Thomasin is the old English feminine form of Thomas, a name of Aramaic origin meaning 'twin.' Thomas entered Western culture through the New Testament apostle Thomas — famously called Didymus, the Greek word also meaning 'twin' — whose honest doubt and eventual faith made him one of the most humanly compelling figures in Christian scripture. The name became enormously popular in medieval England, boosted by the cult of Saint Thomas Becket, the Archbishop of Canterbury martyred in 1170.

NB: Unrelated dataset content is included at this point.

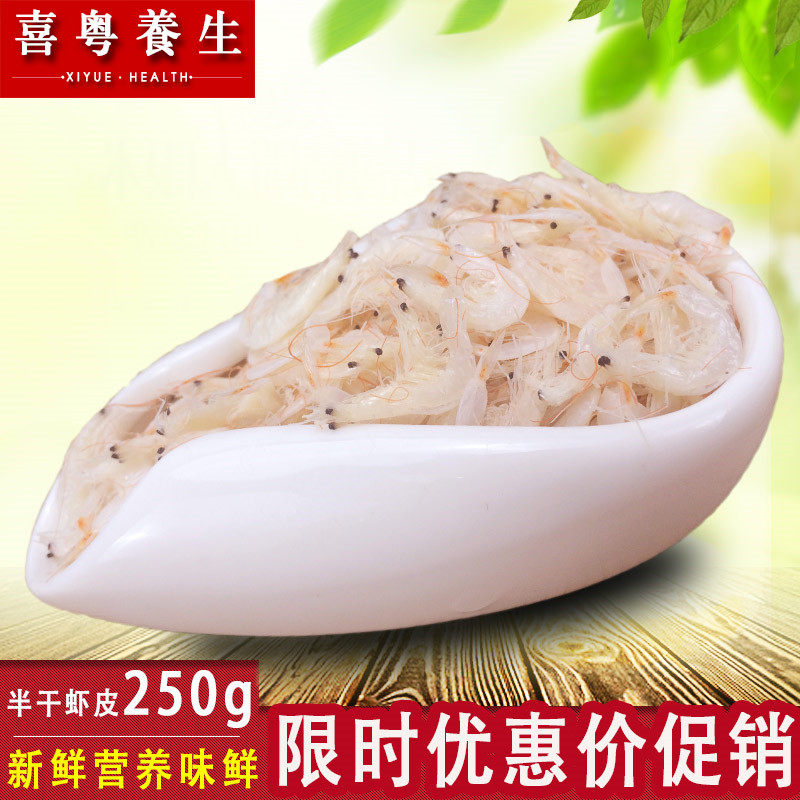 虾皮 干货250g包邮 小虾皮虾皮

Thomasin arose as a natural feminization, common in England from the medieval period through the eighteenth century. The name received one of its finest literary moments in Thomas Hardy's 1878 novel The Return of the Native, where Thomasin Yeobright is among the novel's most sympathetic characters — gentle, clear-eyed, and morally grounded against a backdrop of passion and destruction on Egdon Heath. Hardy's use of the name was deliberately archaic, evoking the deep rural Dorset culture he was chronicling.
More recently, the name gained a striking new association through Robert Eggers' 2015 folk horror film The Witch, where the protagonist Thomasin is a Puritan girl whose fierce spiritual intelligence drives the narrative. This dual literary legacy — Hardy's warmth and Eggers' intensity — gives Thomasin an unusually rich modern resonance. It has attracted renewed interest among parents drawn to genuinely historical names that feel neither fusty nor manufactured, and it wears its centuries of use with quiet grace.